Skip to main content.
home | support | download

Back to List Archive

Re: Re: Extracting descriptions

From: Paul J. Lucas <pjl(at)not-real.ptolemy.arc.nasa.gov>
Date: Fri Dec 04 1998 - 23:01:33 GMT
On Fri, 4 Dec 1998, Jacques Delsemme wrote:

> 1. I had to increase the number of characters read to 2048 characters, 

	OK.

> 2. By the same token, I've decreased the number of words returned to no 
> more than 50.

	I'll make this a parameter to the function.

> 3. I've inserted the line:
> 
> 	s/<!--.*-->//gi;                    # remove comments tags
> 
> to remove comments tags.  I do this first.

	I don't understand why.  The line:

		s!<.*?>!!g;

	in my code will remove comments also.  I don't see why it has to
	be done first.  Please explain.

> 4. You are using the "description" meta tag to extract the description of the
> page.  Is this use universal?

	Probably not universal, but fairly common.  See:

		http://www.w3.org/TR/REC-html40/appendix/notes.html#recs

	under "Provide keywords and descriptions."  Although it says:

		The value of the name attribute sought by a
		search attribute is not defined by this
		specification.

	the example given uses "description."  For what it's worth,
	AltaVista uses "description"; see:

		http://www.altavista.com/av/content/addurl_meta.htm

	Excite doesn't use META tags at all.  Hotbot points one to:

		http://searchenginewatch.internet.com/webmasters/meta.html

	that also uses "description."  (They also point you to a
	"Search Engine Features" page, but that page states that
	AltaVista doesn't use META tags which is wrong.)

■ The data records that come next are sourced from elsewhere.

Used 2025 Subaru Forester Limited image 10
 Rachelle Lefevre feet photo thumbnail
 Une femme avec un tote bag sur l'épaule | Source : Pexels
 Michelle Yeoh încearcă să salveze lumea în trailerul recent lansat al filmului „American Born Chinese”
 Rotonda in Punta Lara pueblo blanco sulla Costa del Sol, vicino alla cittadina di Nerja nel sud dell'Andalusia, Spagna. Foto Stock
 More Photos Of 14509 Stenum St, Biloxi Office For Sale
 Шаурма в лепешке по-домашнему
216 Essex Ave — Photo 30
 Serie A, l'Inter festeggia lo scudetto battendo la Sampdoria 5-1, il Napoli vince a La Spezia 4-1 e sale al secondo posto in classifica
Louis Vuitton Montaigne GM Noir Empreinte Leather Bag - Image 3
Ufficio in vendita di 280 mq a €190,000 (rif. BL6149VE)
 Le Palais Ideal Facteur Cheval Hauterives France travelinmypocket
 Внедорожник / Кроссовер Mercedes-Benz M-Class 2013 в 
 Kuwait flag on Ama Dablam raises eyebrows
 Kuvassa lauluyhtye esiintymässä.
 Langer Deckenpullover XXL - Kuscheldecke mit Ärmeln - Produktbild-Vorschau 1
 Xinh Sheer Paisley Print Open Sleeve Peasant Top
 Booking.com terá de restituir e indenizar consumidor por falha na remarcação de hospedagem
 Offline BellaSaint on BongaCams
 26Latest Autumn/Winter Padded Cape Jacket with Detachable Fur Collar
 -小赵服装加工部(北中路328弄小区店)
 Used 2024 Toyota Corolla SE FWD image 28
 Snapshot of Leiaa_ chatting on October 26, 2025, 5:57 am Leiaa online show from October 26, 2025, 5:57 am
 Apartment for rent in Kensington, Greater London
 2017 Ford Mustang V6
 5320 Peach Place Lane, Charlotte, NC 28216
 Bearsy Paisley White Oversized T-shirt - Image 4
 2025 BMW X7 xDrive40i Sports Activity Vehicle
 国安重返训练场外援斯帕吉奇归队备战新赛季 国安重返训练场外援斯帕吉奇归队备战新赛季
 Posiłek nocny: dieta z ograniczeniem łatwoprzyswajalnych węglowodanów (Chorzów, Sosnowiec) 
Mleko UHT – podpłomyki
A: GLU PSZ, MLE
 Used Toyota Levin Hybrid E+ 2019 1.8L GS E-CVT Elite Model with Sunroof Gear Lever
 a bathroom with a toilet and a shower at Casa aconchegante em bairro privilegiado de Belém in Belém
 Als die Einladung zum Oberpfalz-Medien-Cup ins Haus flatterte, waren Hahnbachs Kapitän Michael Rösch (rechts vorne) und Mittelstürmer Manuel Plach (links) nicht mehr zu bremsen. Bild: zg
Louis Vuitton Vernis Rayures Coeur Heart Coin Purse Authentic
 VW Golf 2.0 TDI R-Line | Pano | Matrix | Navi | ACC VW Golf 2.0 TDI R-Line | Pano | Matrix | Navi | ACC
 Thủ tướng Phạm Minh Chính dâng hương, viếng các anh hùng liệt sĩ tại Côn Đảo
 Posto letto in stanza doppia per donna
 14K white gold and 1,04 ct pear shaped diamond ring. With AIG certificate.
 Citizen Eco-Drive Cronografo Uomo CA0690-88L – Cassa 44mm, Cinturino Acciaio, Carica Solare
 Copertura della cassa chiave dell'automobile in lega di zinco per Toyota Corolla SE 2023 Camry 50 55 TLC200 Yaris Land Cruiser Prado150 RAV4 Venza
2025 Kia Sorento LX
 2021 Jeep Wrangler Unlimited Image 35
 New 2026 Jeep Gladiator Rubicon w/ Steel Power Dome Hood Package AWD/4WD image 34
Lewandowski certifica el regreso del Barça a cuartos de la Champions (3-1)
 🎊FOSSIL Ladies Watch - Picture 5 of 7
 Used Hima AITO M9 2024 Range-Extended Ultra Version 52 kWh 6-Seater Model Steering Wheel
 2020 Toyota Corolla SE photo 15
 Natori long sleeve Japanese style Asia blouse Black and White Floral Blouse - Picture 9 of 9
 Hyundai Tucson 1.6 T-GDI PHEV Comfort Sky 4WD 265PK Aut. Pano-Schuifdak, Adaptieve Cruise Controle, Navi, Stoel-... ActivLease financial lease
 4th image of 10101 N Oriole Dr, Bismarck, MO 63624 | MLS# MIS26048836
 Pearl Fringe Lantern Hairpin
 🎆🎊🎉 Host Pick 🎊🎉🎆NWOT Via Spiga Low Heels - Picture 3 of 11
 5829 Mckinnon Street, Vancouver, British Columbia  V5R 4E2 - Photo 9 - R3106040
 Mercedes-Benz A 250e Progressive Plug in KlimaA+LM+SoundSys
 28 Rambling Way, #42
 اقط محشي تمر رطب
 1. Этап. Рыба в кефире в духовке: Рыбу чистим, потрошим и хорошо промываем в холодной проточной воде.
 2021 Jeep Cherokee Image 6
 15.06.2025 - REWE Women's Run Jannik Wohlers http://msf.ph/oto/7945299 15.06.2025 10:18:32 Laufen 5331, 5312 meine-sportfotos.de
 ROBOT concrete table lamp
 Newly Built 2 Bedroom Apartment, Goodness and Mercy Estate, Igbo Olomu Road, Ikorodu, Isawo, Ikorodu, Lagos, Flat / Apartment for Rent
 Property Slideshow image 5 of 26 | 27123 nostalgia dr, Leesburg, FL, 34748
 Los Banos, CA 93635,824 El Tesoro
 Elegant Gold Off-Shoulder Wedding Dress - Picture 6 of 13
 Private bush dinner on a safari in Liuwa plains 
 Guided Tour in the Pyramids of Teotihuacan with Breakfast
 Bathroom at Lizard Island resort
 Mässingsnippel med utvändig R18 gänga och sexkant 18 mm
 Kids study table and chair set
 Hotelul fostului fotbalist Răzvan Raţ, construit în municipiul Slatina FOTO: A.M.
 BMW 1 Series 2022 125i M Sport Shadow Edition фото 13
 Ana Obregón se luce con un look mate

	There is also the "Dublin Core" set of names:

		http://purl.oclc.org/dc/

	All of their names start with "DC." so their description would
	look like:

		<META NAME="DC.description" CONTENT="blah blah">

	I've changed the regular expression in the Perl function to
	allow an optional "DC." before "description":

		(?:DC\.)description

	- Paul
Received on Fri Dec 4 15:02:23 1998